• Work required:
Below are records; from the line containing "Happy little boy" through the very last line, output each line exactly. No pictures.

• Source information:

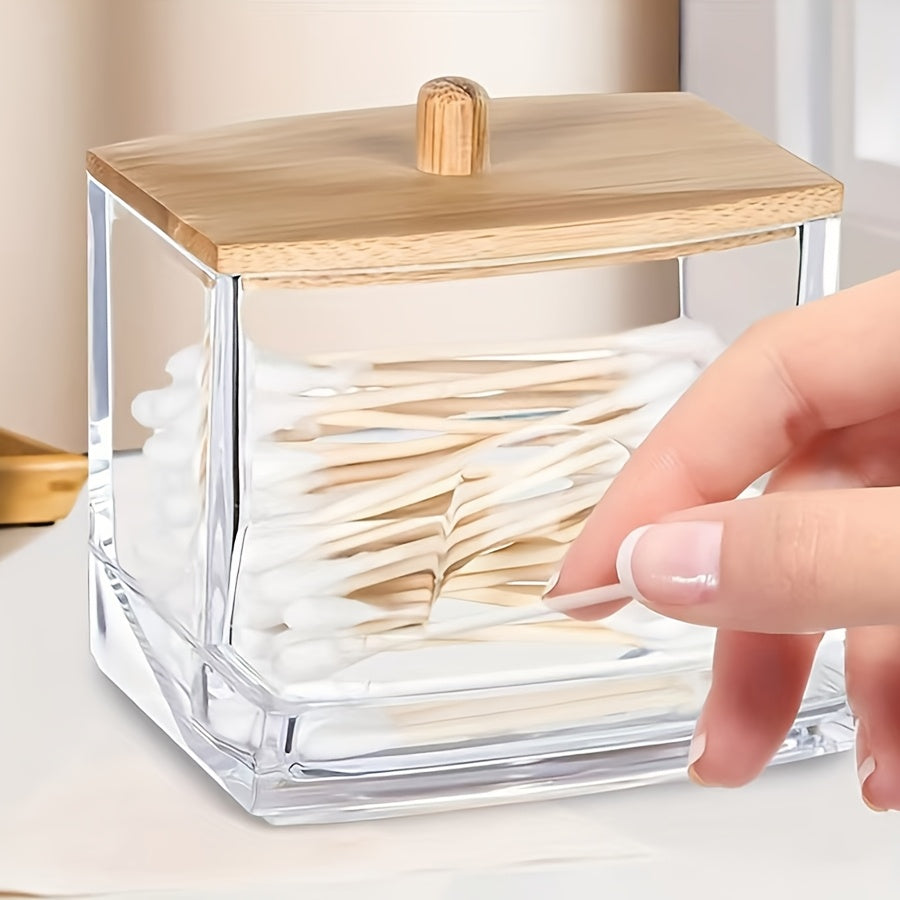 3 transparent storage jars with bamboo lids for organizing swabs, pads, and floss. Includes wooden dispenser box. Ideal for bathroom and home office organization.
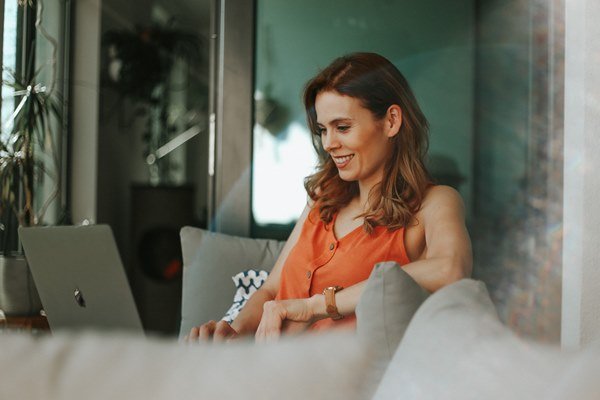 Woman in orange shirt working on a laptop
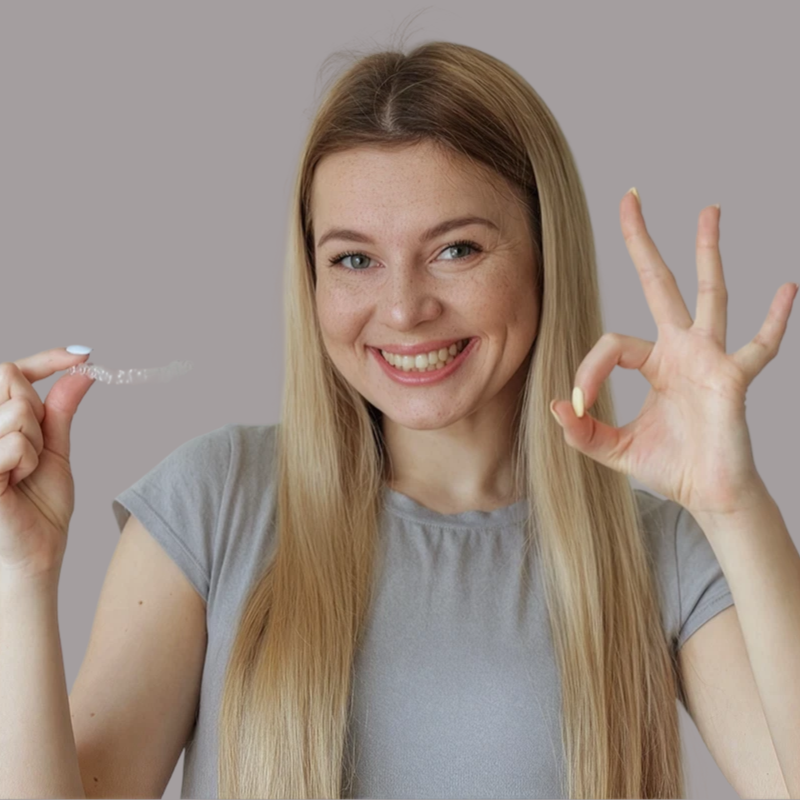 Jeune femme faisant un signe pouce levé avec des bagues dentaires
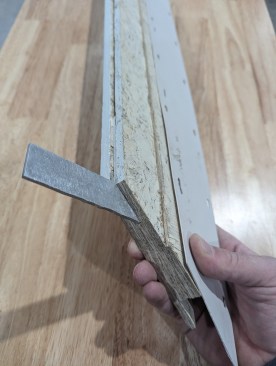 ... an aluminum L-bracket fits tightly into the kerf  to align the two sides of the miter and hold it together.
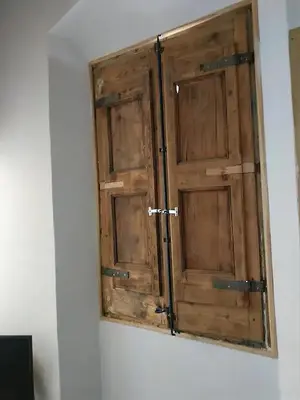 a wooden door on a wall in a room at CAM Maresme 2 Apartamento Barcelona y playa in Masnou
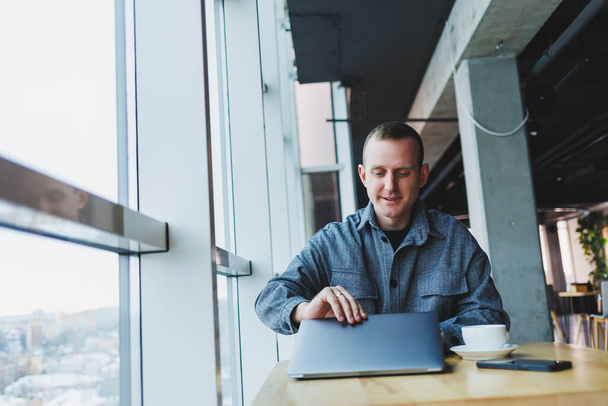 Ein junger erfolgreicher Geschäftsmann im Anzug trinkt Kaffee und arbeitet in einem Café mit drahtlosem, kostenlosem Internet auf einem Laptop und sitzt allein an einem Tisch in einem Café. - Foto, Bild
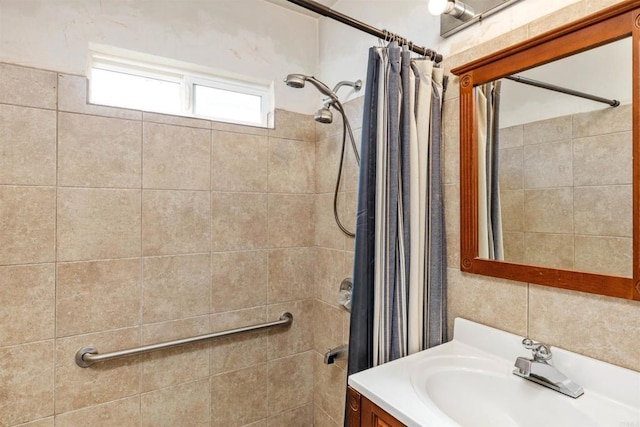 full bathroom featuring tiled shower and vanity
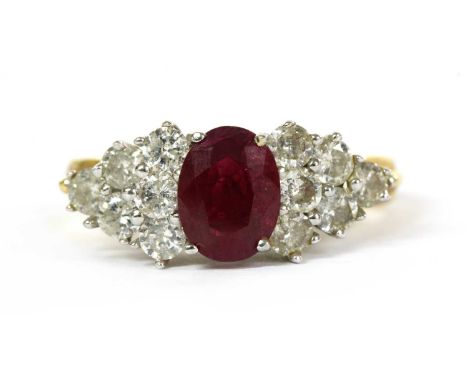 An 18ct gold ruby and diamond ring, with an oval mixed cut ruby, possibly fracture filled, with a cluster of brilliant cut di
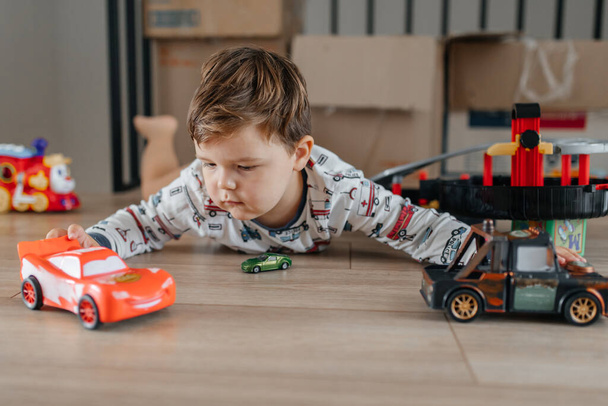 Happy little boy sitting on white carpet at home and playing with car toy. High quality photo - Fotoğraf, Görsel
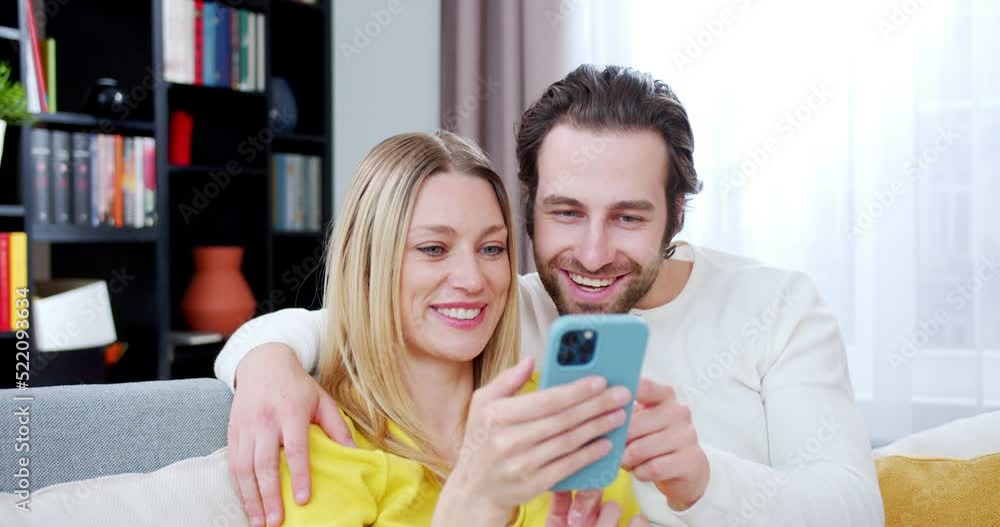 Joyful Caucasian wife and husband sitting on sofa in cozy room and tapping on mobile phone. Indoors. Beautiful woman and handsome man scrolling on mobile phone in hugs at home. People with gadget.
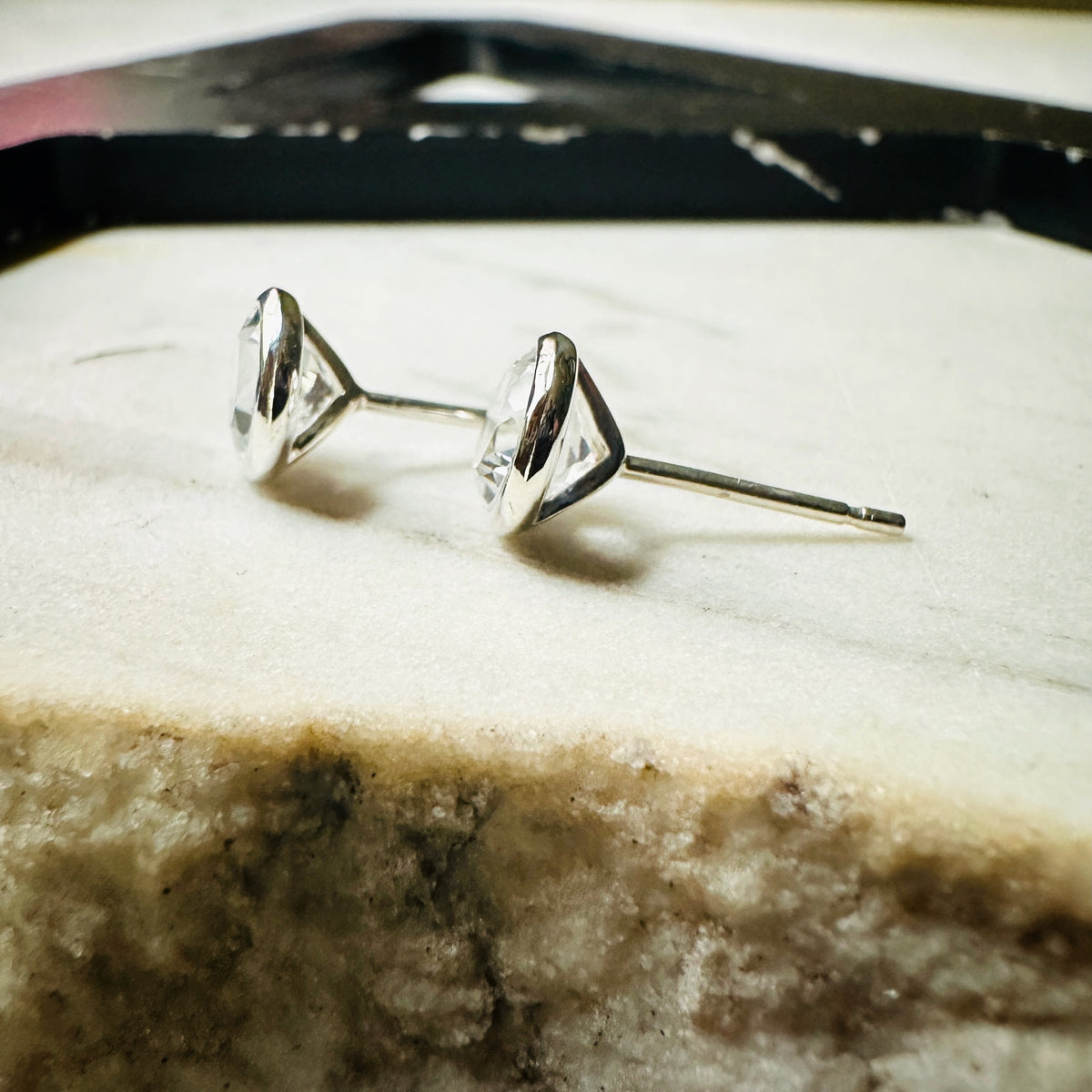 A pair of 6mm white topaz silver stud earrings shown from the side, resting on a textured light beige stone surface.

• Reply to the task:
 Happy little boy sitting on white carpet at home and playing with car toy. High quality photo - Fotoğraf, Görsel
 Joyful Caucasian wife and husband sitting on sofa in cozy room and tapping on mobile phone. Indoors. Beautiful woman and handsome man scrolling on mobile phone in hugs at home. People with gadget.
 A pair of 6mm white topaz silver stud earrings shown from the side, resting on a textured light beige stone surface.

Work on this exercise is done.